Intervention de Philippe Bonnecarrere

Commission des affaires européennes — Réunion du 22 octobre 2015 à 8h35
Politique commerciale — Négociations du traité transatlantique ttip : communication de mm. philippe bonnecarrère et daniel raoul

Photo de Philippe BonnecarrerePhilippe Bonnecarrere :

Mais si les deux premières zones économiques du monde réduisent les obstacles tarifaires et non tarifaires à leurs échanges, si elles simplifient leurs procédures et se rejoignent sur des normes exigeantes, il ne peut qu'en résulter, de part et d'autre, des bénéfices en termes d'emplois et de croissance. À condition bien sûr que nous aboutissions à un accord équilibré qui préserve les valeurs qui sont au coeur de nos choix collectifs.

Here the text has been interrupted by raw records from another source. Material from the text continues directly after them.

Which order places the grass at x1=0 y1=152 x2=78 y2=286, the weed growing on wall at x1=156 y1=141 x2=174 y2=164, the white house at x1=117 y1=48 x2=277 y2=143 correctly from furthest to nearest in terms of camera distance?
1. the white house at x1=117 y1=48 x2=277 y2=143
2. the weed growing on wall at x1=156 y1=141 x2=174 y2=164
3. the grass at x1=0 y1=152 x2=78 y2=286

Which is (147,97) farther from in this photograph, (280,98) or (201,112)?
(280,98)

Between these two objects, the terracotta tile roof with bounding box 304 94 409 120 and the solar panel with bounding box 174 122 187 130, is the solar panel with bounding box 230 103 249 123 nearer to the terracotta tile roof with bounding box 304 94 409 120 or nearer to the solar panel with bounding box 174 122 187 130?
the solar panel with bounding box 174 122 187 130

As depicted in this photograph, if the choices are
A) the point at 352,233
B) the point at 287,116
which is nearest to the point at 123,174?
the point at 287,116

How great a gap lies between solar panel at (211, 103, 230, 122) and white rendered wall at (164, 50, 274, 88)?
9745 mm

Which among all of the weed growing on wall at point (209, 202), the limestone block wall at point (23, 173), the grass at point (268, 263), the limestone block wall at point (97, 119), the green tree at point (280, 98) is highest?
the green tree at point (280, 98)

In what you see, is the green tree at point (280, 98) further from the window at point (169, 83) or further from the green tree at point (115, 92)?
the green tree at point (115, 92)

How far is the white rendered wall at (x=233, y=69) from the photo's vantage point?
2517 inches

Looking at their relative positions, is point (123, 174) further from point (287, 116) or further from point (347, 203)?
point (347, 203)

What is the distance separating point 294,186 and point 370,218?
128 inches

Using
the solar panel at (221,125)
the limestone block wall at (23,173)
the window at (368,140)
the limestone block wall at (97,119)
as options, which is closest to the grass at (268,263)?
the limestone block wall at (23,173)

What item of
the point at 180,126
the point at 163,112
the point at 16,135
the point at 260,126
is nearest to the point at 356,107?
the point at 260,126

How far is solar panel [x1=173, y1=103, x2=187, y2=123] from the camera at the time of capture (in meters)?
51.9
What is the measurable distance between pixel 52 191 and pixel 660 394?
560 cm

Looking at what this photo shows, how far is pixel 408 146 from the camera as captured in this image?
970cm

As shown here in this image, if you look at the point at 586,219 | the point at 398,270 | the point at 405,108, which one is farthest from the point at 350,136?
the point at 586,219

En second lieu, un bon accord relèvera le niveau des règles qui régissent aujourd'hui le commerce mondial.

Les États-Unis et l'Union européenne ne sont plus seuls au monde. L'Inde, la Chine et d'autres grands émergents sont des acteurs majeurs du commerce mondial. Mais les règles et les normes qu'ils y définiront n'auront pas le niveau d'exigence que nous voulons. Le TTIP peut être l'occasion de construire ce socle normatif de référence avant que d'autres, avec d'autres normes et d'autres valeurs, n'assument ce rôle.

Dernier aspect, plus stratégique, l'accès de l'Union européenne aux ressources énergétiques des État--Unis, gaz naturel liquéfié et pétrole. Actuellement, des législations internes américaines interdisent ou restreignent leur exportation. Les négociations en cours pourraient inciter à supprimer ces barrières. Dans le contexte des incertitudes géostratégiques qui pèsent sur la fourniture d'énergie à l'Union européenne par certains de ses fournisseurs traditionnels, cette donnée est loin d'être négligeable.

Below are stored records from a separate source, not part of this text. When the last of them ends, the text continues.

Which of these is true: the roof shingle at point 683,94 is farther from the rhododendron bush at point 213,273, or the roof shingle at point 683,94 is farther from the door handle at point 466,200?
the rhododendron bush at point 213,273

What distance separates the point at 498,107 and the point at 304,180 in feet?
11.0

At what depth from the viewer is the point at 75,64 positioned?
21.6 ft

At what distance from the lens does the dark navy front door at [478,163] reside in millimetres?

Trois observations pour conclure :

- D'abord, ne pas condamner par avance un accord qui pourrait être une opportunité pour l'Union européenne et ses États membres et qui représente pour elle le projet commercial le plus ambitieux en termes de volume de biens et services échangés ; mais ne pas non plus se laisser entraîner vers la conclusion d'un texte à n'importe quel prix.

Nous avons fixé nos lignes rouges, qu'il s'agisse des enjeux - culture, santé publique, normes sociales et environnementales, protection des données, intérêt stratégique de l'Europe - ou de règlement des litiges entre États et multinationales - qui ne devrait pas relever de tribunaux d'arbitrage privés. Nous devons continuer à défendre cette position en exerçant notre devoir de vigilance et notre pouvoir d'influence tout au long des négociations.

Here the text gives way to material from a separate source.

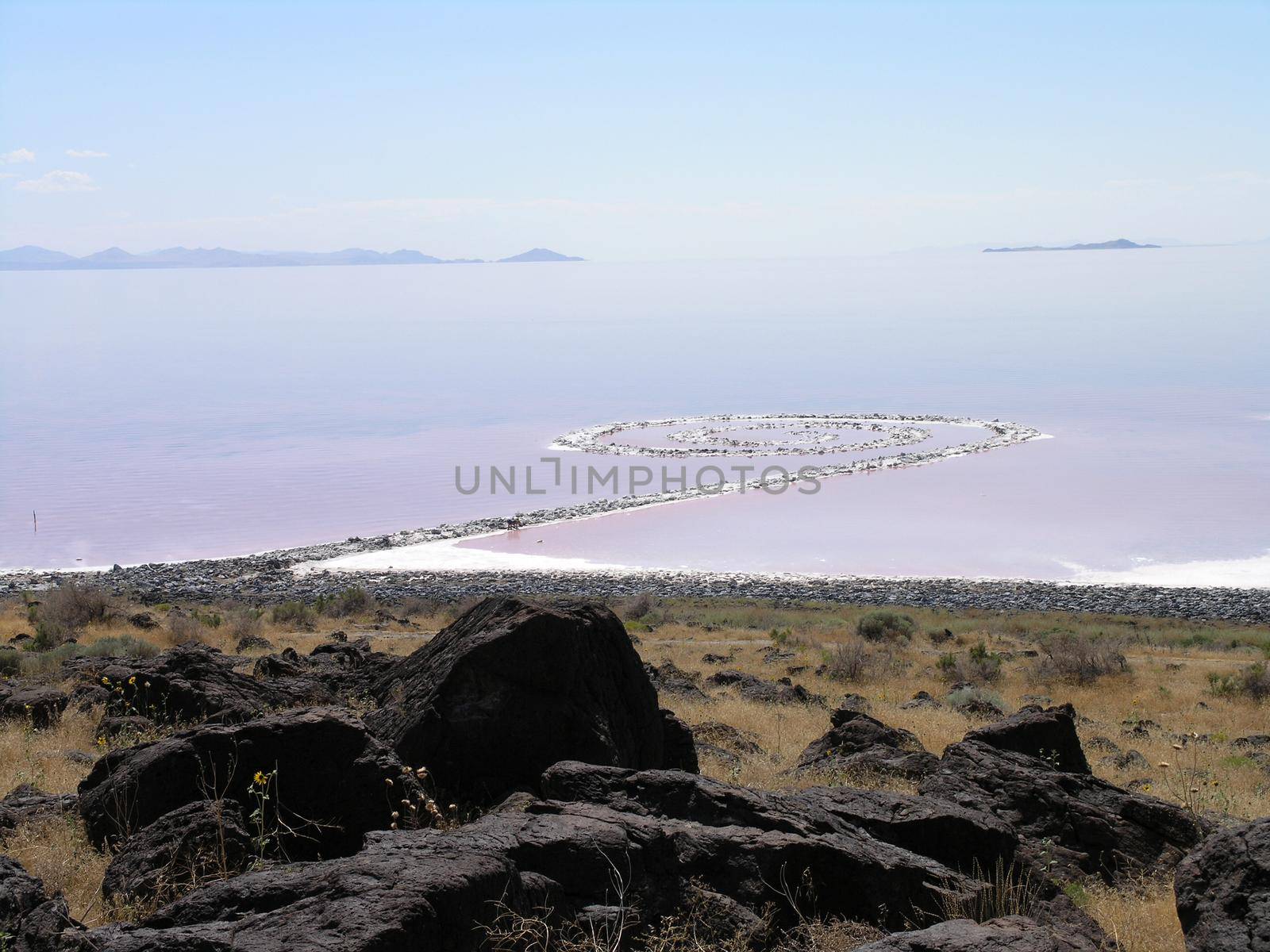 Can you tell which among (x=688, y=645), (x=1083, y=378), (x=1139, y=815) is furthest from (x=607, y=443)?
(x=1139, y=815)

- Ne pas se focaliser sur une date limite de négociations qui serait irréaliste : laissons le temps nécessaire au compromis et à la pédagogie qui doit accompagner ces discussions, au bénéfice de la société civile et de l'opinion en général pour obtenir, encore une fois, un texte acceptable et respectueux de nos valeurs.

- Je suis parfaitement en phase avec les récentes mises au point du secrétaire d'État au commerce, M. Fekl. Il s'agit d'inciter les États-Unis à passer enfin à une phase de propositions semblable à celle de l'Union européenne - ce qui me rappelle le cycle de Doha - afin de rééquilibrer les conditions de transparence. Deux mots essentiels donc à mes yeux : réciprocité et transparence. Il convient désormais d'entrer dans le coeur du sujet et des véritables enjeux. À défaut, il serait raisonnable d'envisager côté européen une suspension des négociations, le temps d'une mise au point politique.